The sky's the limit for aircraft photographer

Wol Nelowkin, of Canberra, Australia, enjoys the Warbirds Over Wanaka airshow on Friday. Photo by...
Wol Nelowkin, of Canberra, Australia, enjoys the Warbirds Over Wanaka airshow on Friday. Photo by Stephen Jaquiery.
The Allied forces dreamed of getting just one good shot at a Japanese Zero fighter, the scourge of the Pacific during World War 2.

Photographers descended on Wanaka at the weekend hoping to do the same.

Wol Nelowkin, of Canberra, Australia, is just one of many aircraft photography enthusiasts who arrived with at least two cameras and the intention of taking thousands of digital images a day during the three-day Warbirds Over Wanaka airshow.

Mr Nelowkin, who also came to the Wanaka airshow in 1996, has a wealth of airshow photography experience, racking up between 100 and 150 attendances at similar events throughout Australia over 40 years.

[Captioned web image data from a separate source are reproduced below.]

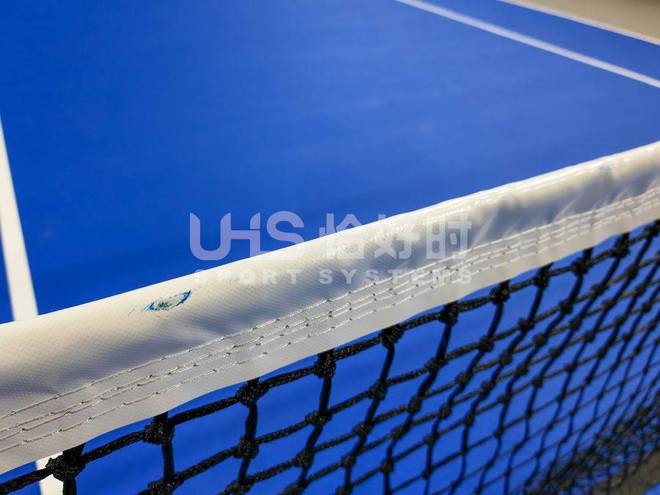 球盟会：网球场上的关键元素：网球网的标准尺寸全解析(图3)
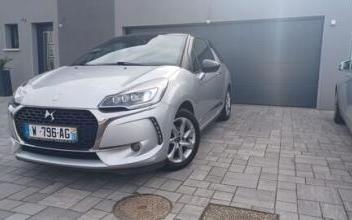 Citroen ds3 Thionville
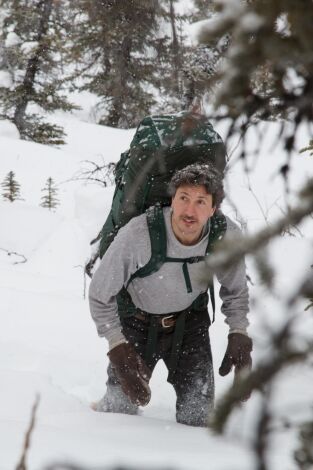Vida bajo cero. Vida bajo cero: Refugio de la tormenta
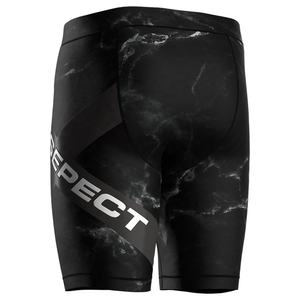 RISE SPORTSWEAR Proveedor de Sungas en Pakistán, Pantalones Largos Dorados para BJJ y MMA, Shorts Personalizados de Vale Tudo - Product Image 3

"I'll take two to three thousand pictures, using eight gig card and digital cameras. With everything that's happening here, I can easily take one thousand a day," Mr Nelowkin said.

He would spend about two or three days sorting shots and cataloguing them and making selections to upload to two websites.

"Years ago, when I raised my camera to take a photo, people looked at me like I was some sort of geek. Maybe they thought there was something wrong with aircraft photography, but with three million hits since, there must be some interest in them," Mr Nelowkin said.

He is one of 10,000 photographers worldwide, who contribute to airliners.net, which has at least five million pictures on its site.

He also files to jetphotos.net.

Mr Nelowkin became interested in aircraft photography in 1961, the same year he photographed Trans Australian Airline's first Fokker Friendship F-27.

In his early days, he used a Pentax camera but in 2002 he changed to Canon digital cameras.

He brought a Canon EO540D with a long lens and a Canon 350D with a short, small zoom lens to Wanaka.

"The little one is for close up, when they [planes] are on the ground."